Thanks for your reassurance
I also do not like people showing up at my house unannounced. Maybe it's cultural.
My first cousin Brian had told me he was going to come and stay at my house and I said sure, let me know what day you'll be here.
He never told me, then he showed up unannounced and unplanned one night completely nonchalant. I was pissed. I told him to leave and get a motel room.
Had he had the courtesy to inform me beforehand of when he'd arrive, I'd have been happy to have him stay as long as he wished and enjoyed it. But I don't like being hostage to other people's plans that affect me while keeping me uninformed. That doesn't fly.
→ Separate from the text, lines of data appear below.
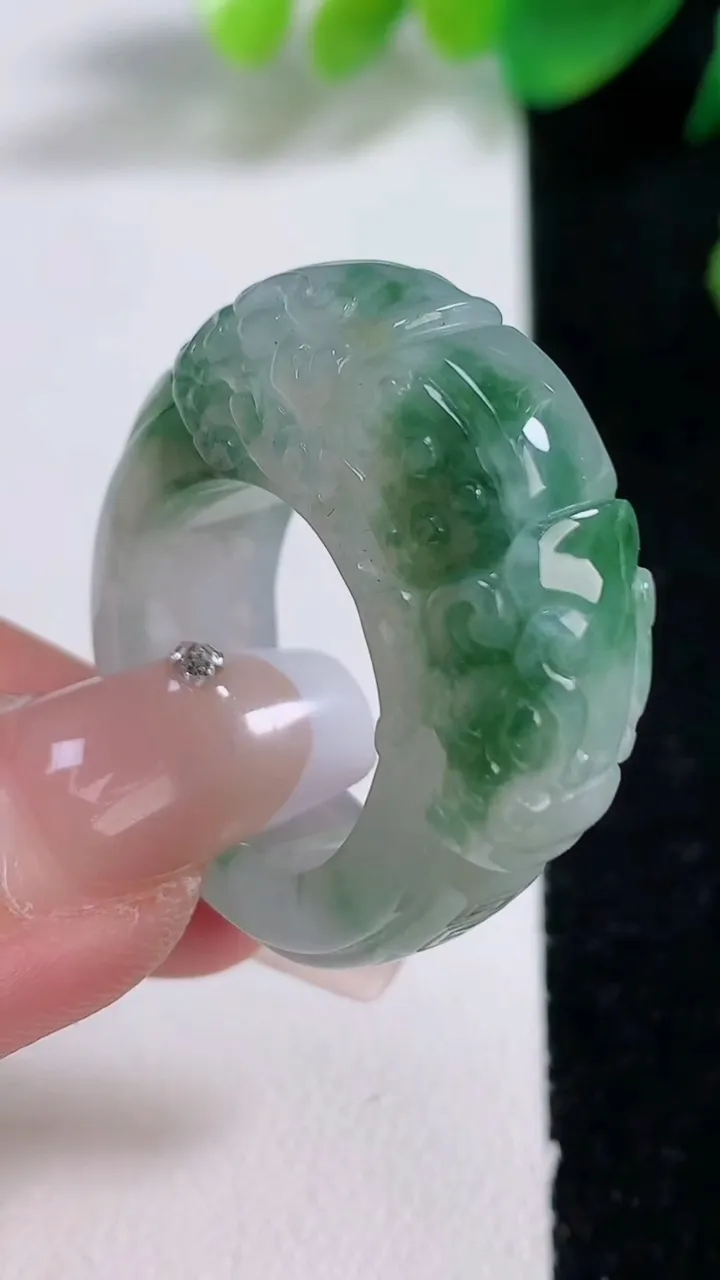 天然A货翡翠冰种飘花龙头扳指 戒指，尺寸19.3-11-9，重量:16.87g2026年1月3日
工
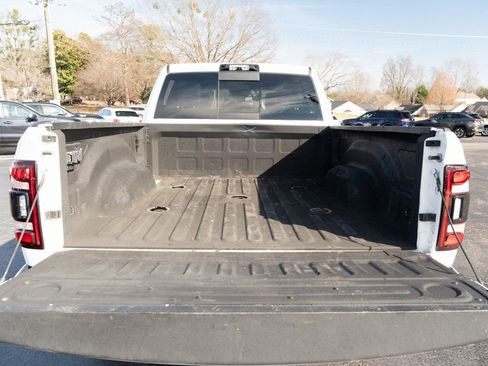 Used 2022 RAM 2500 Limited image 32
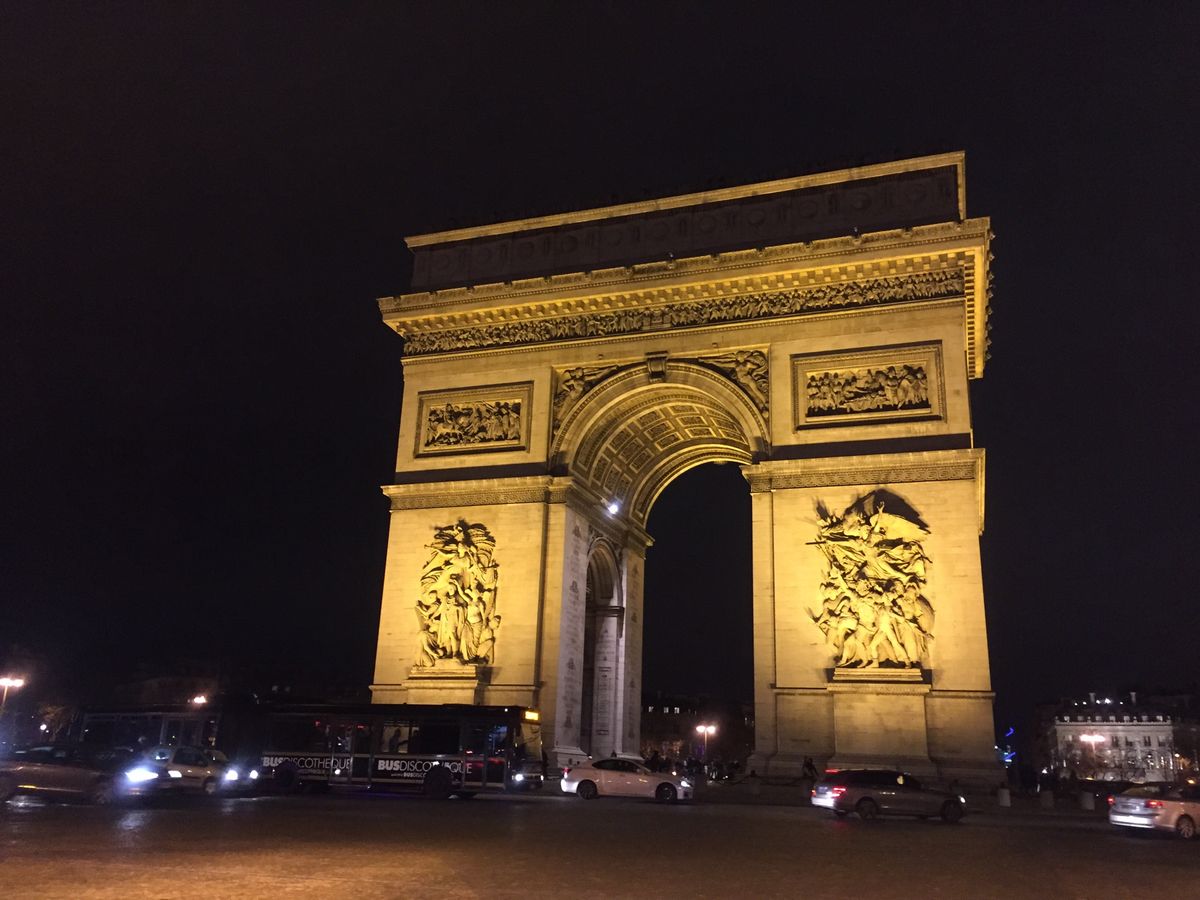 写真で見てたXmasのシャンゼリゼ通り。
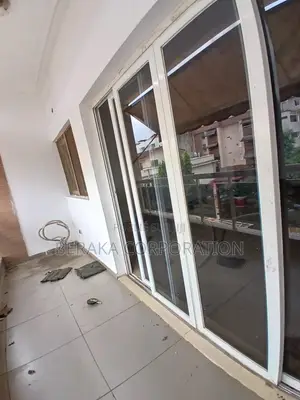 4chbre Duplex dans Beraka Corporation, Cocody à Louer
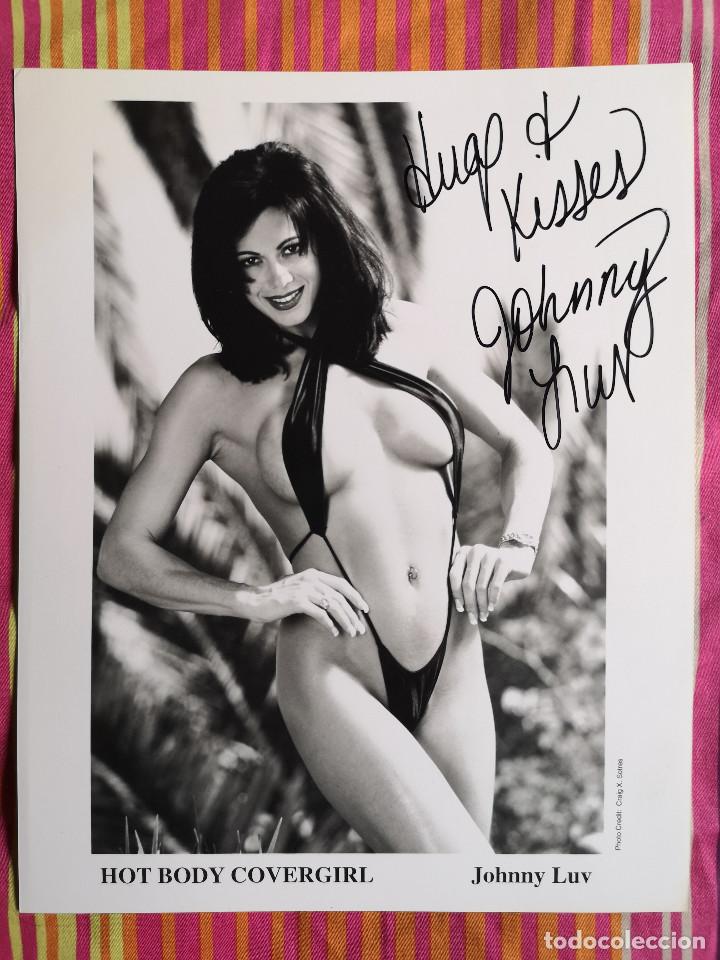Coleccionismo de revistas y peri&oacute;dicos: FOTOGRAFIA FITNESS MODELS - HOT BODY COVERGIRL - JOHNNY LUV ( Autografiada )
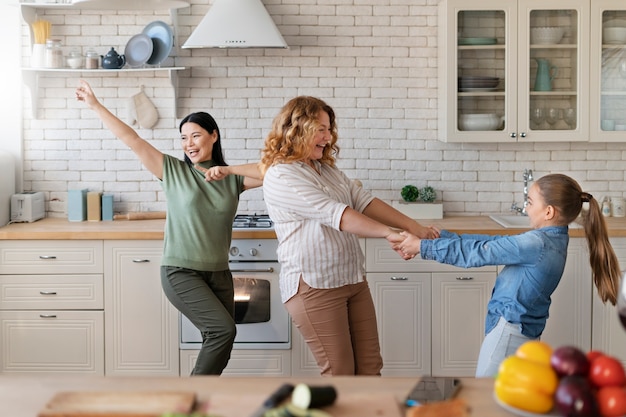 Gratis foto lgtbiq-familie die samen van het leven geniet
People are friendly, and it's genuine ( I am too!), but I don't want people running in and out of my house and just showing up out of the blue. I think what you experienced in Minnesota might simply have been a perception by them that you weren't respecting their privacy. It surely wasn't met to be offensive, of that I'm sure!
However.....
I must say that here I love my neighbors. I call them first to ask if I may pop by and they call me first if they want to come over (we live on properties with lots of acreage so you drive to each other's houses usually). If I see them outside doing things on their grounds, I'll wave and they'll wave back and if we want to chat, we start walking towards each other.
But I'll tell you this...
Nowhere but Missouri would you find people who will literally give you the shirts off their backs if you're in need.
During the January ice storm when we lost power and trees were falling everywhere and my house dipped to 37F inside, I panicked about the pipes freezing. My neighbors brought over portable propane heaters to warm my house up and got it up to 72F!
Because the storm was a three day event and one could literally die outside of exposure or be critically injured, I left my house unlocked so any neighbors could get in if need be. I even left diamond rings on the chest of drawers and didn't worry about it.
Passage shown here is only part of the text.